The property, formerly used as an Iowa Department of Transportation site, is about one-half block north of Sixth Street Northwest, bordered on the north by the recreation trail and on the west by Business Highway 75.
The city has used the buildings on the land for police and wastewater department storage and most recently public works department storage, according to city staff.
With a new public works building slated to be complete next year, city planners are seeking to sell the property.
Last week, the Le Mars City Council was given three offers for the property, but no decision will be made on a sale until at least this fall.
The council set a public hearing at noon on Sept. 4 to consider the offers to buy the land.
Offers must be submitted to the city by 1:30 p.m. Aug. 28 to be considered.
Lance Sitzmann, the realtor handling the offers on the property, said there had been quite a bit of interest on it already.
"All the buyers are going to use it mainly for farm storage or storage, and one would use it for his business," Sitzmann said. "They're kind of all equal there. It isn't like I have one of these coming in maybe with a business with 50 employees."
Some would like to use the property as a place for people to pay to store campers, he said.
Sitzmann said he told all the interested buyers that city planners want to ensure the property will look nice.
He also indicated most of the buyers were interested in putting up a fence around the property.
City Administrator Scott Langel said he believed the land was zoned B-2, in which outside storage is permitted.

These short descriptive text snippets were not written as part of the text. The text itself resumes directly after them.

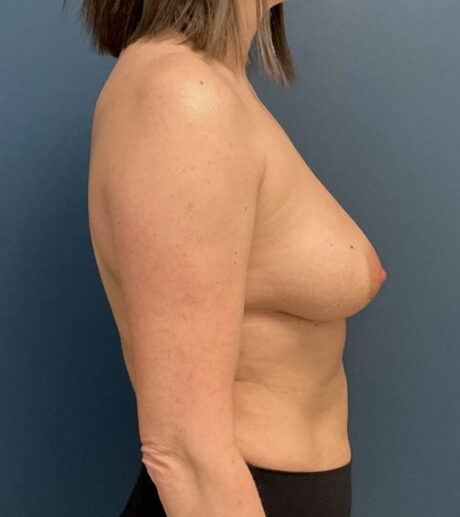 Breast Augmentation With Lift case #19660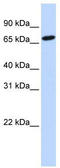 Histidine Ammonia-Lyase antibody, TA338257, Origene, Western Blot image 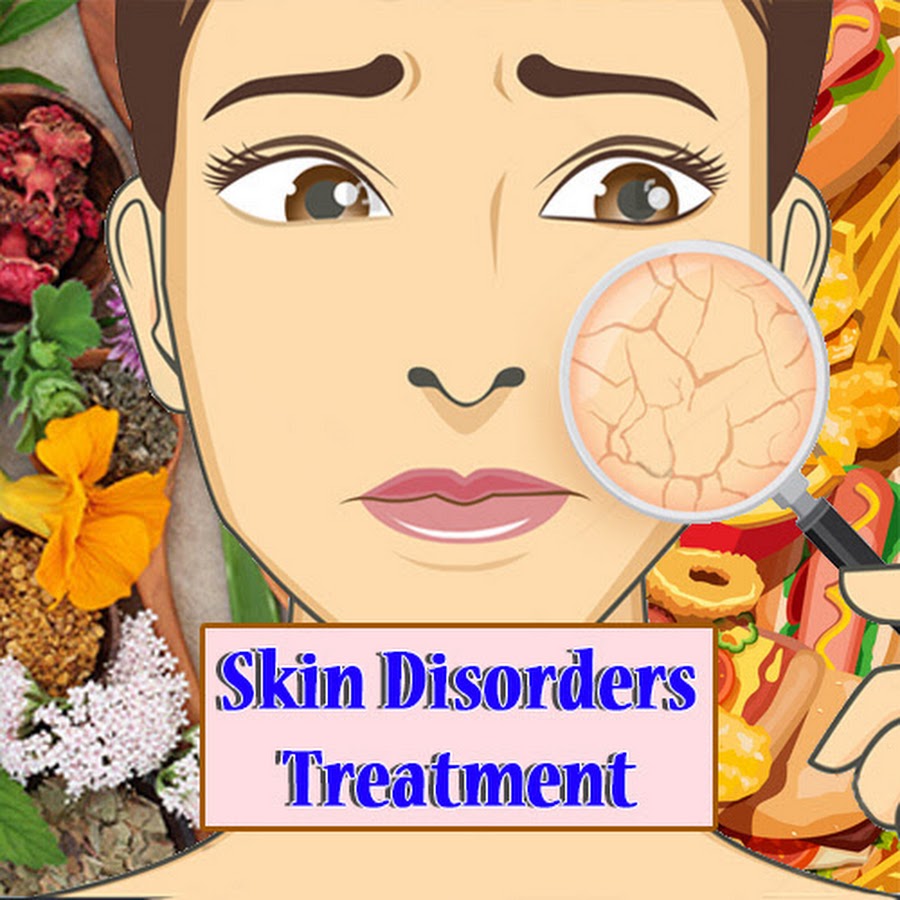 Ayurvedic Medicines For Skin Disorders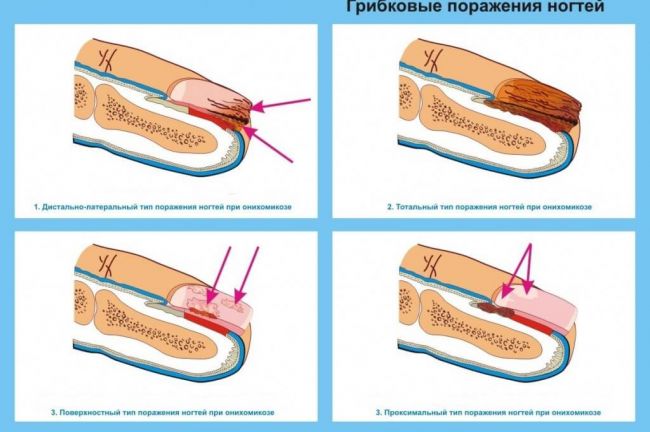 Ушные капли с антибиотиком и противогрибковым средством. список, цены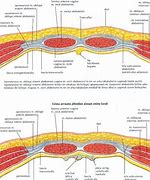 Image result for Cesarean Section Anatomy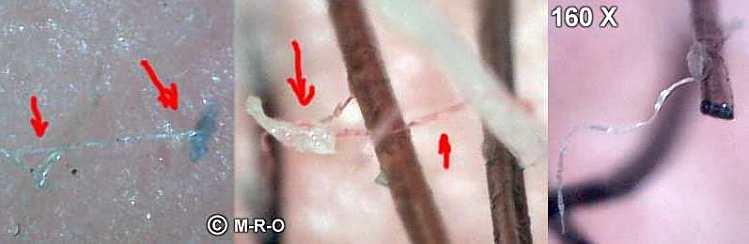 Morgellons biofilmbilder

B-2 zoning is for general business use.
Before the land is sold, city officials will have to decide several things, including whether to tear down some of the buildings on the property.
According to city maps, the two smaller buildings are built right above a sanitary sewer line, which is against city code because crews might need to dig down to the sewer line for repairs or replacement.
"It's in the five-year plan to remove and replace that line," Langel said.
The city council members also indicated last week that they wanted the city to keep ownership of about 30 feet between the recreation trail and the edge of the property sold.
That 30-foot strip would remain under city ownership so city workers could access the recreation trail to maintain it.
Some buyers had indicated interest in receiving a tax rebate on the property, but the council agreed that would not be part of the sale.
One question buyers had was whether the property could be split and part of it sold to another buyer.
Langel said it could not be split and sold in pieces because some pieces would not have access to a main road, which is against code.
Another factor to be determined is how much of the land is in the flood plain and how much is in the floodway, according to Langel.
No buildings can be constructed in a floodway, he explained.
These designations will be determined through a professional survey.
"As we receive information -- say the survey showing exactly where the flood plain is -- that will be passed on to Sitzmann so that it can be conveyed to all the potential buyers," Councilwoman Delana Ihrke said. "We aren't just going to sit on it for two months. We'll be active on getting some of these other things lined up."
Mayor Dick Kirchoff shared a similar view.
"We need to get our ducks in a row so we know what we're selling," he said.
Ihrke suggested that the three interested buyers so far can revise their offers as new information becomes available.
Final bids on the property are due by 1:30 p.m. Tuesday, Aug. 28.